What is being asked: What you write must match, character for character, the lines from the one with "Black striped tee" down to the one with "Plan du 133 Rue Émile Combes à Talence" in the listing below, minus its pictures.

Records for this exercise:
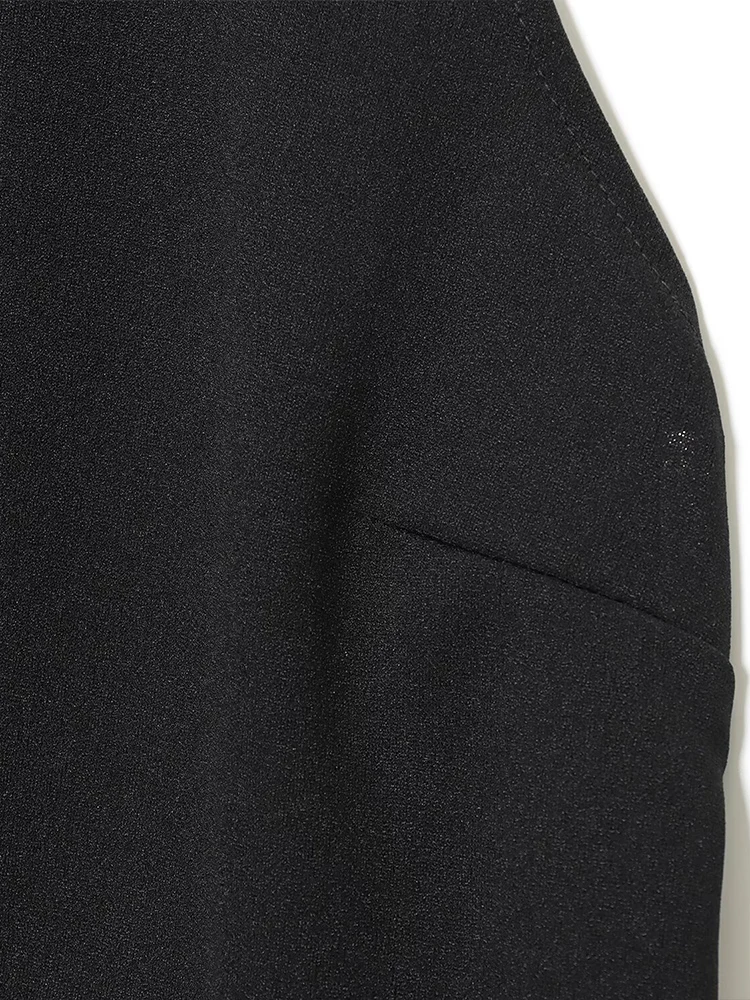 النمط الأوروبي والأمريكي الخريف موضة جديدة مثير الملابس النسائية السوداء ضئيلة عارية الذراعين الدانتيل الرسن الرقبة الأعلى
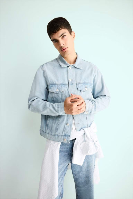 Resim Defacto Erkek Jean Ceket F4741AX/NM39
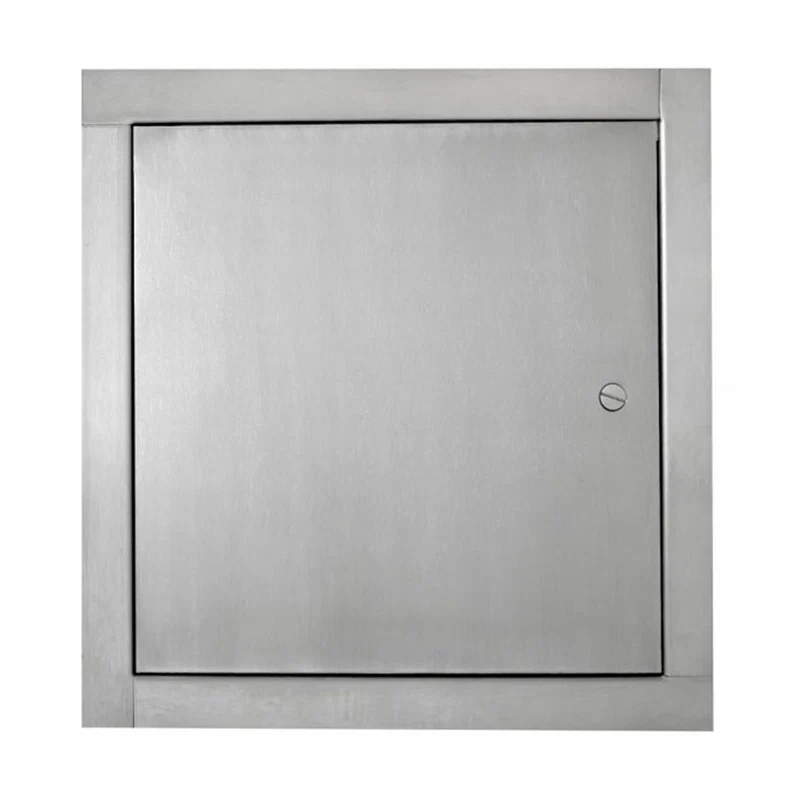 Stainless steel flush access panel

--

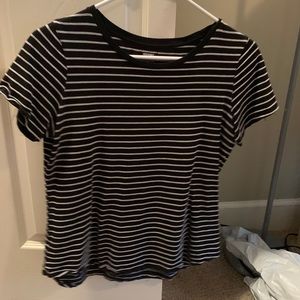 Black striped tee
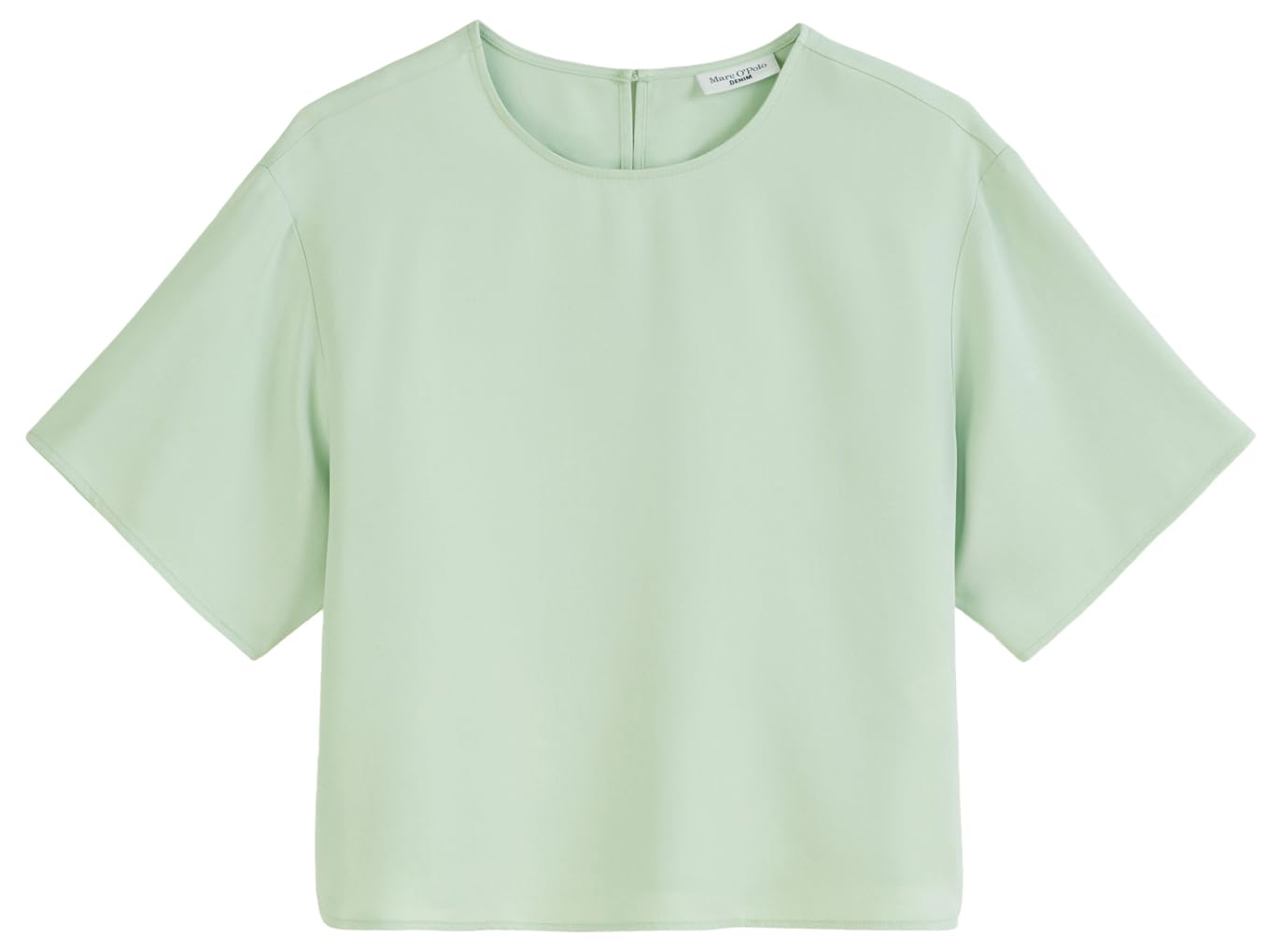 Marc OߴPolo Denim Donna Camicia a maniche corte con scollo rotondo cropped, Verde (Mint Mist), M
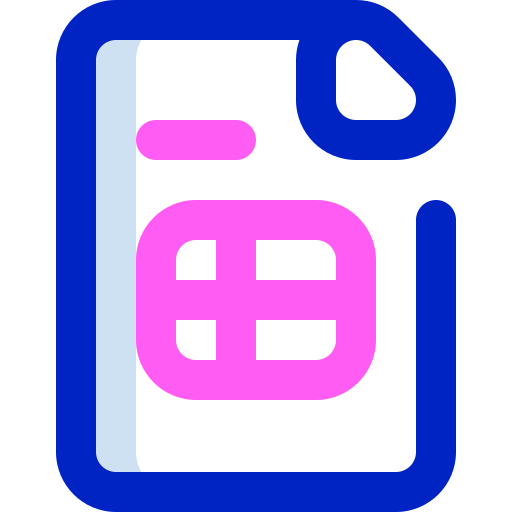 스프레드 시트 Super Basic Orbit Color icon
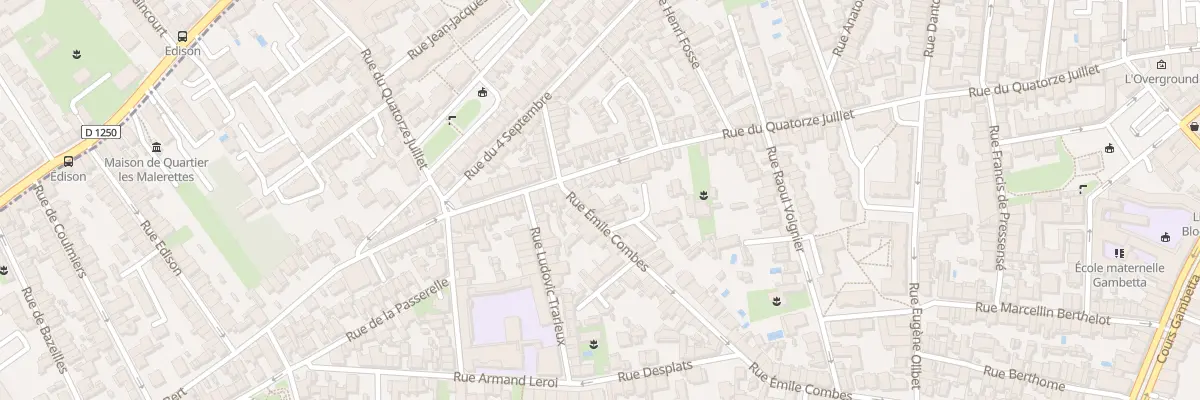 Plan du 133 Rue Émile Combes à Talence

Answer space:
 Black striped tee
 Marc OߴPolo Denim Donna Camicia a maniche corte con scollo rotondo cropped, Verde (Mint Mist), M
 스프레드 시트 Super Basic Orbit Color icon
 Plan du 133 Rue Émile Combes à Talence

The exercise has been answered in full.